## Exercise prompt
Copy out precisely the lines of the material that follows, beginning with the line containing "Tall birthday cake" and ending with its last line; exclude pictures.

++++ Supplied information ++++

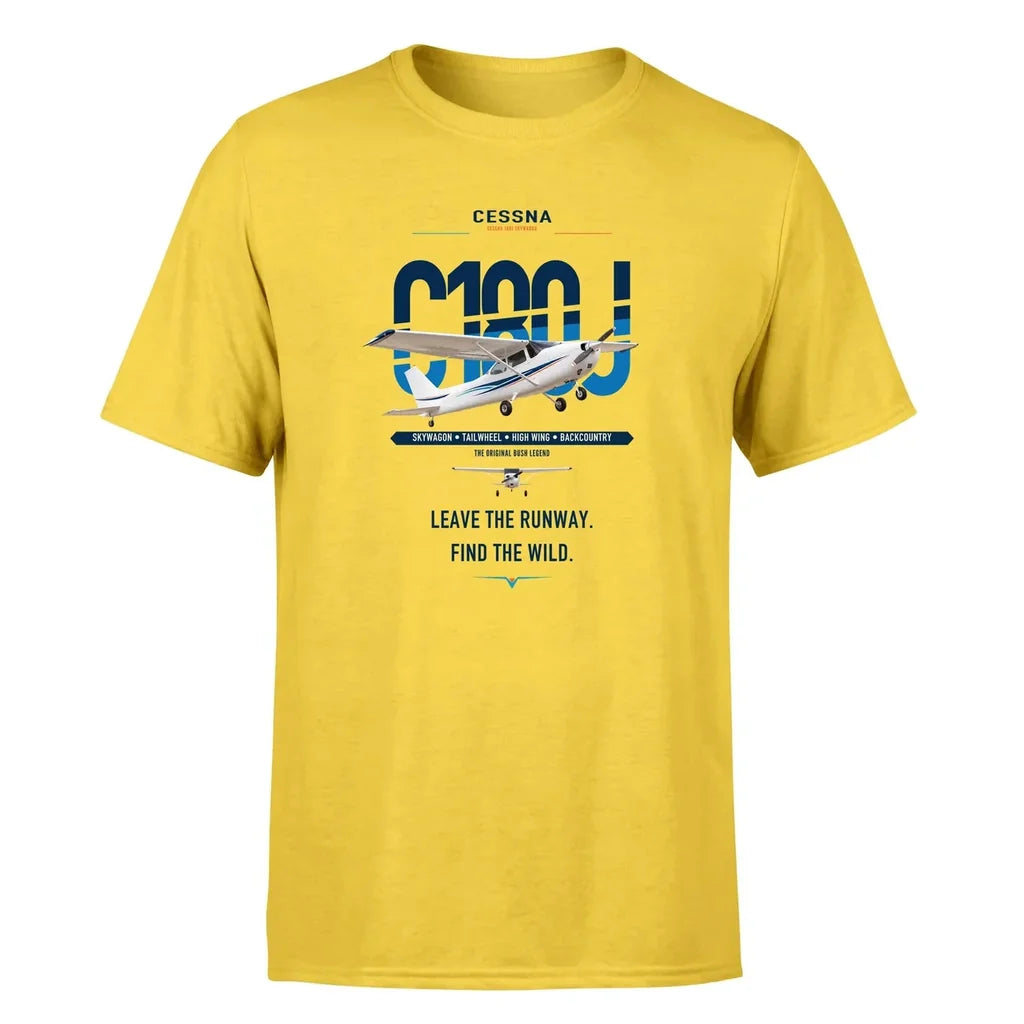 Cessna 180J Skywagon design on yellow t-shirt, single-side print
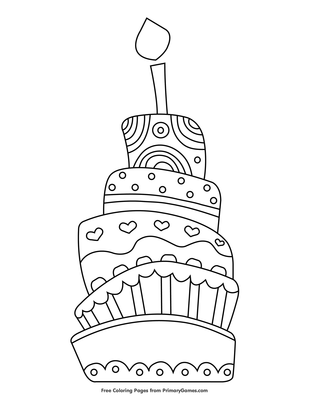 Tall birthday cake coloring page â free printable pdf from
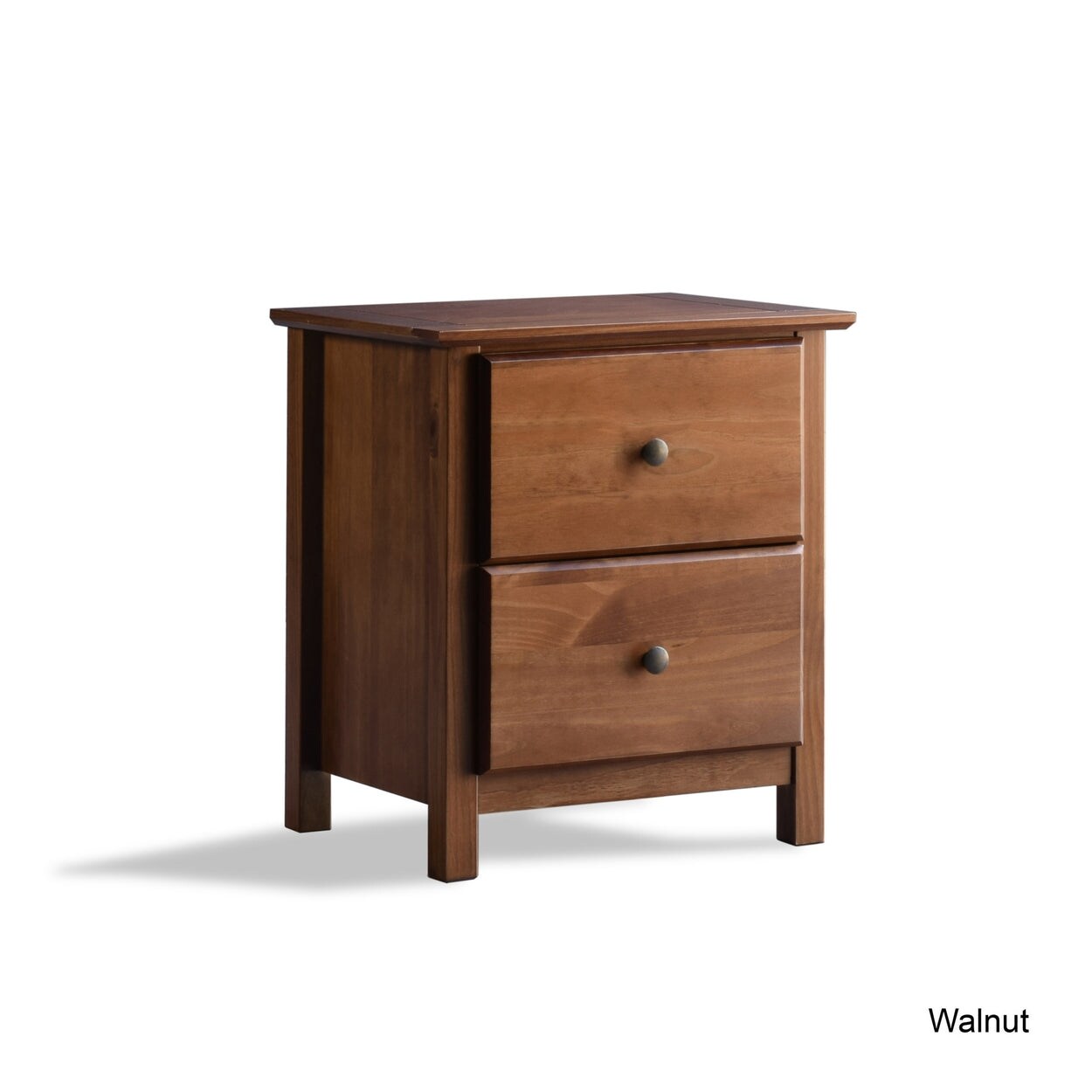 Table de chevet en bois massif à 2 tiroirs de style Shaker en bois de grain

++++

## Completed exercise
 Tall birthday cake coloring page â free printable pdf from
 Table de chevet en bois massif à 2 tiroirs de style Shaker en bois de grain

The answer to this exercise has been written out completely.